One of the fixtures of the modern web is the robots.txt file—a file intended to notify web-crawling robots what parts of web sites are off-limits to them, so as to avoid reindexing duplicate content or bandwidth-intensive large files. A number of search engines, such as Google, honor robots.txt restrictions, though there’s no technical reason they have to.
Until recently, the Internet Archive has also been honoring the instructions from robots.txt files—but this is just about to change. On the Internet Archive’s announcement blog, Mark Graham explains that robots.txt’s search-indexing functionality is increasingly at odds with the site’s mission to archive the web as it was.

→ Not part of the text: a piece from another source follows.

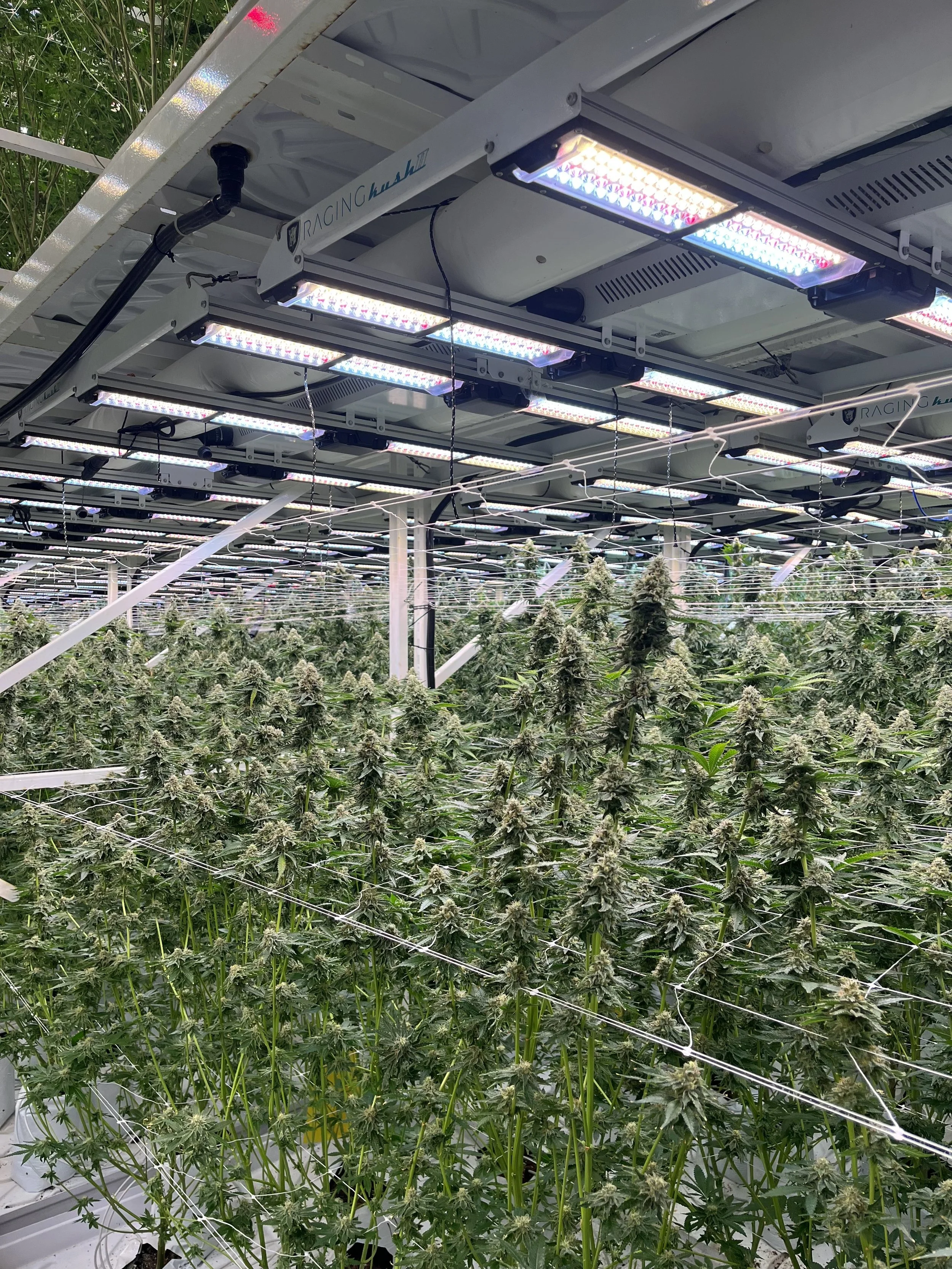 Meet Izi Flower, How We Grow Ganja in Maine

Over time we have observed that the robots.txt files that are geared toward search engine crawlers do not necessarily serve our archival purposes. Internet Archive’s goal is to create complete “snapshots” of web pages, including the duplicate content and the large versions of files. We have also seen an upsurge of the use of robots.txt files to remove entire domains from search engines when they transition from a live web site into a parked domain, which has historically also removed the entire domain from view in the Wayback Machine. In other words, a site goes out of business and then the parked domain is “blocked” from search engines and no one can look at the history of that site in the Wayback Machine anymore. We receive inquiries and complaints on these “disappeared” sites almost daily.
A few months ago, Archive.org’s crawlers stopped honoring military and government sites’ robots.txt files. After having observed the results of this trial run, the Internet Archive is now ready to stop honoring robots.txt files in general, so as to create complete archives of the web including sites that have since expired and been parked. The Archive will still respond to removal requests by email to info@archive.org.

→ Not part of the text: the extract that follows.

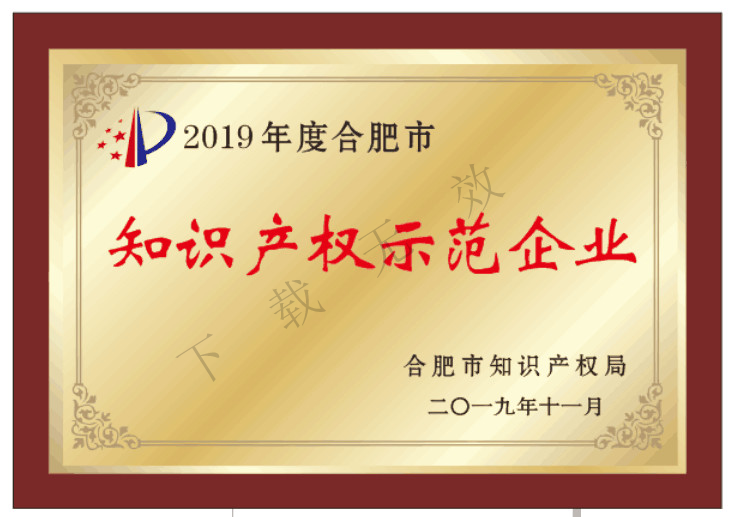 2019合肥知識產(chǎn)權(quán)示范企業(yè)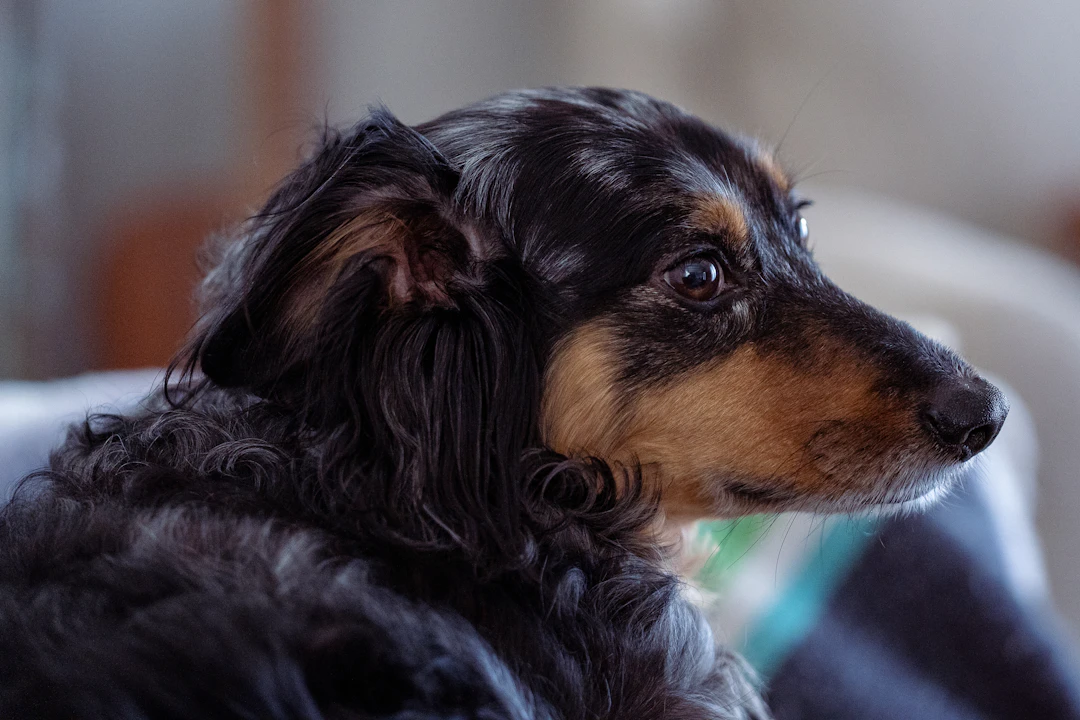 O que significa quando o cachorro segue o tutor pela casa?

As it happens, we at TeleRead had some personal experience with the Internet Archive robots.txt feature. A number of articles from TeleRead managed to get lost when the site was moved over to hosting on the commercial TeleRead.com domain—including my “Paleo E-Books” series, which I was rather proud of. Subsequently, the only way to link to those lost articles was by using Archive.org. However, a few weeks ago, I noticed that the new site hosting where we moved that commercial site had a robots.txt file that was keeping Archive.org from making those old articles available.
Fortunately, we were able to get that robots.txt file removed and the content made accessible again. But if the Internet Archive had stopped honoring robots.txt files, that wouldn’t even have been an issue.
From an archival standpoint, disregarding robots.txt enforcement makes a lot of sense. On the other hand, sometimes robots.txt files are meant to prevent confidential information—such as social security numbers and other personally identifying information—from being exposed by search engines. What if that information should be exposed by the Internet Archive? Of course, the amount of damage that could be done is limited, because there’s no search engine for Archive.org content as yet; it can only be accessed via searching the URL of the original page.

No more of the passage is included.